God in Our Own Image: Thoughts on Rieger

on October 4, 2012


(Photo credit: Southwest Texas Methodist Federation for Social Action)

by Nathaniel Torrey

Dr. Joerg Rieger, Wendland-Cook Endowed Professor of Constructive Theology at Southern Methodist University in Dallas, TX , gave a talk this Monday at Wesley Theological Seminary, entitled “Christ and Empire: The Radical Christian Heritage.”

His main thesis is that empire has defined theology in such ways to protect and defend ideologies that are supportive to empire’s own way of managing power, namely a top-down approach. Dr. Rieger defines empire as something that attempts to control all aspects of life and where power is placed in the hands of the few and exerted on the many.

Dr. Rieger gives the Nicene Creed, universally recognized as an accurate exposition of the Christian faith, as an example of theology that perpetuates the top down model of imperial power. By making Christ consubstantial with the Father, the Nicene Creed defines Christ in the terms of a top down power structure. In short, it doesn’t allow Jesus to be a social revolutionary. Dr. Rieger said, “If you manage to pull Jesus into that empire God image you’ve basically won too: this is another form of doing empire theology. Now you have domesticated Jesus who is now also immutable impassable and omnipotent and also at the very top and no longer that radical from Galilee.”

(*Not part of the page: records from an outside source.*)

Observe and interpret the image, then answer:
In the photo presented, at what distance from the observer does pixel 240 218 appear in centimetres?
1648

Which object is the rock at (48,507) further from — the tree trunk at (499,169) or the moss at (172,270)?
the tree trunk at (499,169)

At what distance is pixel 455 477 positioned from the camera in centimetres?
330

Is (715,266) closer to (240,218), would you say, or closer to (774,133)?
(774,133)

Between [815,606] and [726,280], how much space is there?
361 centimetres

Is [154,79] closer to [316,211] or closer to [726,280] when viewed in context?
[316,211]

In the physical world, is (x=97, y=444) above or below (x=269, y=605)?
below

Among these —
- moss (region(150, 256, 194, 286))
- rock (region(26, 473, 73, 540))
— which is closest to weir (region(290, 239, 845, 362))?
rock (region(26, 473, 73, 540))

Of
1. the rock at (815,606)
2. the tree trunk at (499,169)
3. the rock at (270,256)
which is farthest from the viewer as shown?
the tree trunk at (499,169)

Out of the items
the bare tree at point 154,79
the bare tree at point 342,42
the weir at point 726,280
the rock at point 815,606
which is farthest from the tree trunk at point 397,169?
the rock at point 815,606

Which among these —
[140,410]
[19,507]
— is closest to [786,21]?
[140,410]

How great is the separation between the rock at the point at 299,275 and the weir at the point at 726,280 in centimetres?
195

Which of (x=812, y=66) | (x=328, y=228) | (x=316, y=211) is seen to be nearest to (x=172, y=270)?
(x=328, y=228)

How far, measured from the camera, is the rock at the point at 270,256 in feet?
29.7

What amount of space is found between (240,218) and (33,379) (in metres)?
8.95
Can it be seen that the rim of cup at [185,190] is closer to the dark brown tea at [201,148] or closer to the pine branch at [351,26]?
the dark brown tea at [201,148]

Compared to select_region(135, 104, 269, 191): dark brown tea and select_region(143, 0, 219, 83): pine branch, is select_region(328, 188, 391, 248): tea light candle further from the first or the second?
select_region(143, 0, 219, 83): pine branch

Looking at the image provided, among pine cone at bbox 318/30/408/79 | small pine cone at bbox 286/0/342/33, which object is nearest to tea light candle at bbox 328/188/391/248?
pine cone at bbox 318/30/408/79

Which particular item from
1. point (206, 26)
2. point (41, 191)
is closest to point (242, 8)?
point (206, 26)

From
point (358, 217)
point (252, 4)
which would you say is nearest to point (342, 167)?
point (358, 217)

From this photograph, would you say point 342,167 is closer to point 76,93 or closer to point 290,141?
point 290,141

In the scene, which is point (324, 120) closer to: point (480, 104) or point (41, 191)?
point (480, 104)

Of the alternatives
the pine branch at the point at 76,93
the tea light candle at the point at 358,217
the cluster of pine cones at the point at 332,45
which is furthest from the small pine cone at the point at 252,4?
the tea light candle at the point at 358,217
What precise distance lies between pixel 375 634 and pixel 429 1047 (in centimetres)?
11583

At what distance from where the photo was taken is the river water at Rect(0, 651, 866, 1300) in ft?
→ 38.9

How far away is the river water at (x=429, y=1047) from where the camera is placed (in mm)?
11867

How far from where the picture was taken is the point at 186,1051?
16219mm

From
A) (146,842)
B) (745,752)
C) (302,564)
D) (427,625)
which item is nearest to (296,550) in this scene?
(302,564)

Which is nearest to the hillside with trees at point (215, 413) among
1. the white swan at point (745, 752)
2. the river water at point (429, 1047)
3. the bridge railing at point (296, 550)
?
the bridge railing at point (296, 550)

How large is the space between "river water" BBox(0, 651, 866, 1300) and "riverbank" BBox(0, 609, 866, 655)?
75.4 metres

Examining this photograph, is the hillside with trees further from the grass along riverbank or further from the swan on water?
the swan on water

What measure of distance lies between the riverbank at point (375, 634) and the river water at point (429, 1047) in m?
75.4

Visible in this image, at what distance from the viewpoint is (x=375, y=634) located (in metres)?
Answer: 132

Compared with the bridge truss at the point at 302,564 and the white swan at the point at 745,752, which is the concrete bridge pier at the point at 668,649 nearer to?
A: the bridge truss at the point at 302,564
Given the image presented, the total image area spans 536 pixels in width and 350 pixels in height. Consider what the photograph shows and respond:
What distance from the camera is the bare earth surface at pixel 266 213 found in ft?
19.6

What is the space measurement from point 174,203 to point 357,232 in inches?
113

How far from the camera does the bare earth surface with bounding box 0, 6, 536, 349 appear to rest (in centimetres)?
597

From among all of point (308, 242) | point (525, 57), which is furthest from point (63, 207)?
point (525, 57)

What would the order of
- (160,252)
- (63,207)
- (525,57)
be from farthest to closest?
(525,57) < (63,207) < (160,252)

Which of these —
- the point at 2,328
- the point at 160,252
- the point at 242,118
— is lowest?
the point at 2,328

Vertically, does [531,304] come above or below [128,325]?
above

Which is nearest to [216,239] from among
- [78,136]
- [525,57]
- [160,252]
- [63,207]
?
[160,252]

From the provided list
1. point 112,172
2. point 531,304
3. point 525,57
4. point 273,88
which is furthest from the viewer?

However, Dr. Rieger says the consubstantiality of God the Father and Christ the Son can also be used to cut against empire theology. Instead of abstracting Christ by subsuming into the Father, you can ground God into Jesus and give metaphysical weight or divine reality to a social gospel message. It can be taken Dr. Rieger says as “a metaphysical argument that power always breaks down.”

Dr. Rieger misses the point about the doctrine of the Trinity. He thinks that consubstantiality is a simple equality, with empire theologians picking the Father and making the Son equal to him and resistance theologians picking the Son and making the Father equal to him. The Nicene Creed instead affirms that the Father and Son not only share in the same essence but they are distinct persons as well. Their relationships as persons in the Trinity are significant: it matters that Christ is the Son and not the Father. The image of a Father and Son helps us articulate the relations that the persons of the Trinity have to each other co-eternally. The empire reading and the resistance reading of the Nicene Creed that Dr. Rieger offers miss this entirely by absorbing one of the persons into the other.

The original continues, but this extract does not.